There's a lot of examples around of producing resources. That
doesn't, I can see all of those happening, that was fine,
there's good resources and you can build it up that way, but
that still leaves the printed study guide and I thought, not the
printed study guide. You've got the two primary resources,
you've got the study guide and you've got the lecture
notes and they were sort of duplicating one another and you can
either take the study guide and ramp it up somehow, so you've
got all these extra resources and somehow link them in or you could
start off with the lecture notes and link in all the resources and
I could see these two things and I'm not much of a reader.
Right, I'm a very, I want to click on things and drill down.

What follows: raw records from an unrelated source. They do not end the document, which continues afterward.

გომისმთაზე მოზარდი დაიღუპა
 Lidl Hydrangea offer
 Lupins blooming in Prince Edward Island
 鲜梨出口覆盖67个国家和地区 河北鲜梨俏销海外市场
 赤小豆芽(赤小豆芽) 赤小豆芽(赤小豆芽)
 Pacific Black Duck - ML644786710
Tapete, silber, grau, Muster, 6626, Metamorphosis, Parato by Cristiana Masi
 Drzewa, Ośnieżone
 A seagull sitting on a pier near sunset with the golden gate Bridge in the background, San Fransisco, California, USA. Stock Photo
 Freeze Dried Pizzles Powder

So I don't like study guides. So I threw away the study guide,
well I didn't throw it away because you can link out resources.
But I started with the lecture notes and worked from them. I think
the more obvious approach is to start with the study guide and do
like what Richard did in MSC277. He took his more or less existing
materials and their still text based. He's just, that unit
he's htmlafied them and he's enriching things up by
starting from the text based enriching things. That will do but
it doesn't get the immediate impact, doesn't make it
visual instantly. It still looks text based. This way you
get something with a visual impact quickly. You start with your
lecture notes, you sexify them up, you make them look interesting
and exciting. The effect is you have got an electronic study guide
at the end, so the effect is the same, but it's just how you
get to that electronic study guide. Start with the lecture notes. |
| Inter: |
The road mapping in the study guide, it's sort
of focused on, you know, the subject matter, the what of the teaching.
But one thing that you did in extending, it might be a slight detour,
but extending the road map, was to try and road map the key components
of the teaching and learning environment for Business Information
Systems by trying to show the relationships between the subject
matter, the resources, online, the graduate attributes. So it was
a mapping of the learning environment. Would you sort of explain
a little bit about the logic of that Rodney? And embedded in that
was the road map of the subject matter but it was at this sort of
bigger picture level around the learning environment. What was the
logic? |
| Carr: |
The road mapping, what I've sort of talked
about so far is, the road mapping of the unit content, which is
what most lecturers are interested in and what happened in MSC120
is we could, there are other resources, like the online environment,
library, assignments, things like that, that link into that structure
as well. You want to combine them all into one structure. So what
we did in MSC120 is we didn't make that structure the unit
structure, the content structure, the first thing that they see.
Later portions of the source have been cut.